Quand les fonctionnaires et les chefs de service allaient à la messe...

Voir toutes les images (3)

C’est le reclassement d’archives de la préfecture qui vient rappeler que la naissance de la IIIe République avait relancé le combat sur la laïcisation de nos institutions. Et coïncidence, alors que nos parlementaires ont rejoint les hémicycles début janvier, ces documents révèlent un épisode méconnu sur le cérémonial de la rentrée parlementaire à cette époque.
Après la chute du Second Empire et la proclamation de la République le 4 septembre 1870, avec le triomphe des monarchistes et des conservateurs aux élections législatives et l’écrasement de la Commune en 1871, l’État et l’Église restent fortement liés. En témoigne l’article 4 de la nouvelle loi constitutionnelle du 16 juillet 1875, l’une des trois lois qui fondent la IIIe République. Il dispose que le dimanche qui suivra la rentrée parlementaire du Sénat et de la Chambre des députés, des prières publiques seront adressées à Dieu dans les églises et les temples « pour appeler son secours sur les travaux des assemblées ». Dans chaque département, le préfet, l’évêque et le président du consistoire (lorsque le culte protestant est présent) reçoivent des instructions ministérielles à cet effet.

Le préfet transmet ses instructions aux chefs de service, sous-préfets et maires. Il enjoint de convoquer les fonctionnaires et les autorités militaires à se rendre aux cérémonies religieuses : « J’ai l’intention d’assister à cette cérémonie, [et] je verrai avec plaisir que vous y assistiez également avec messieurs les fonctionnaires placés sous vos ordres. »

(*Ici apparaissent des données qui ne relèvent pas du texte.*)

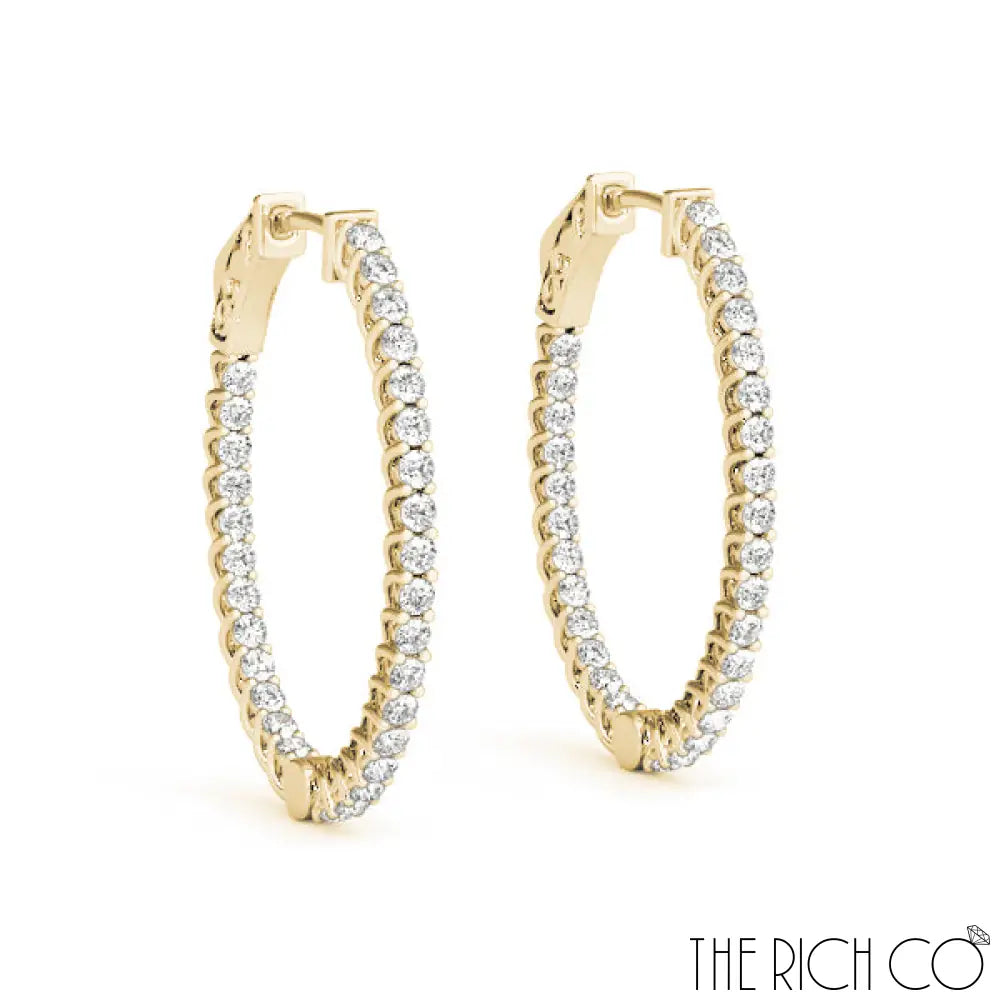 The Rich Co - Lucida Oval Inside Out Hoop Earrings Earrings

À Privas, le rassemblement se fait à la préfecture. Sous l’autorité du préfet, le cortège se dirige vers l’église paroissiale, selon un ordre protocolaire et précédé d’un détachement militaire. Les ordres donnés laissent peu le choix aux fonctionnaires sur leur participation et tout incident devra être rapporté à l’autorité supérieure.

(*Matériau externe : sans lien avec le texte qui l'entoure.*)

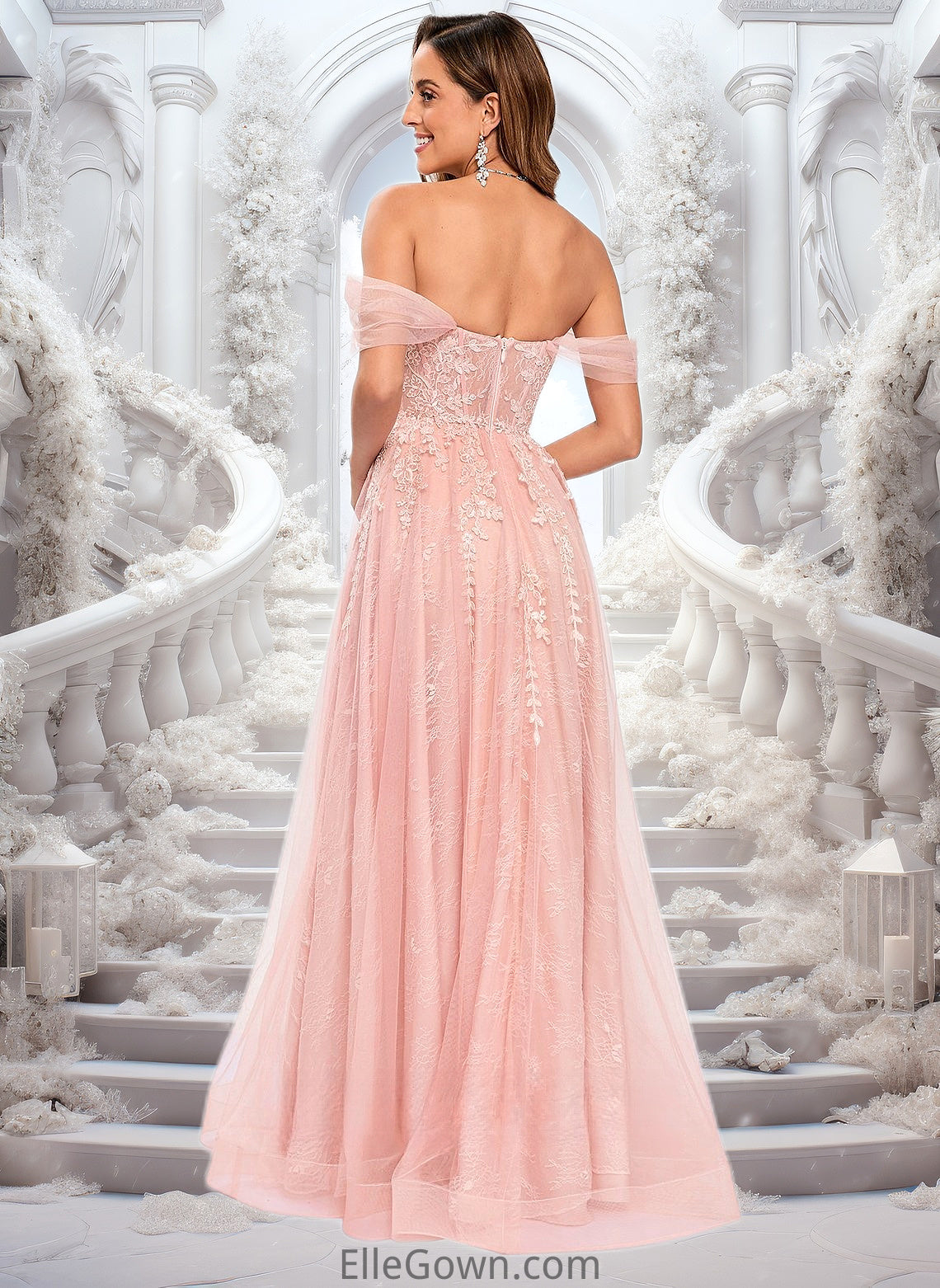 Dalia A-line Sweetheart Off the Shoulder Floor-Length Tulle Floral Lace Prom Dresses With Appliques Lace DEP0025870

Mais une rupture fondamentale se produit après la victoire des républicains en 1879. Les années 1880 sont marquées par plusieurs lois sur la laïcisation de l’enseignement, des cimetières ou encore la liberté des funérailles.
Dès lors, la formulation de l’invitation préfectorale évolue : « Le Gouvernement verrait avec plaisir messieurs les fonctionnaires et chefs de services, déférer au vœu de la loi en assistant à cette cérémonie […] » en « si vous désirez vous joindre à moi […] ».
Lors de la révision constitutionnelle du 14 août 1884, les républicains voulant supprimer tous les ferments monarchiques contenus dans la constitution, un amendement supprime les prières publiques dans l’article 4. Le dossier « prières publiques » à la préfecture est définitivement clos.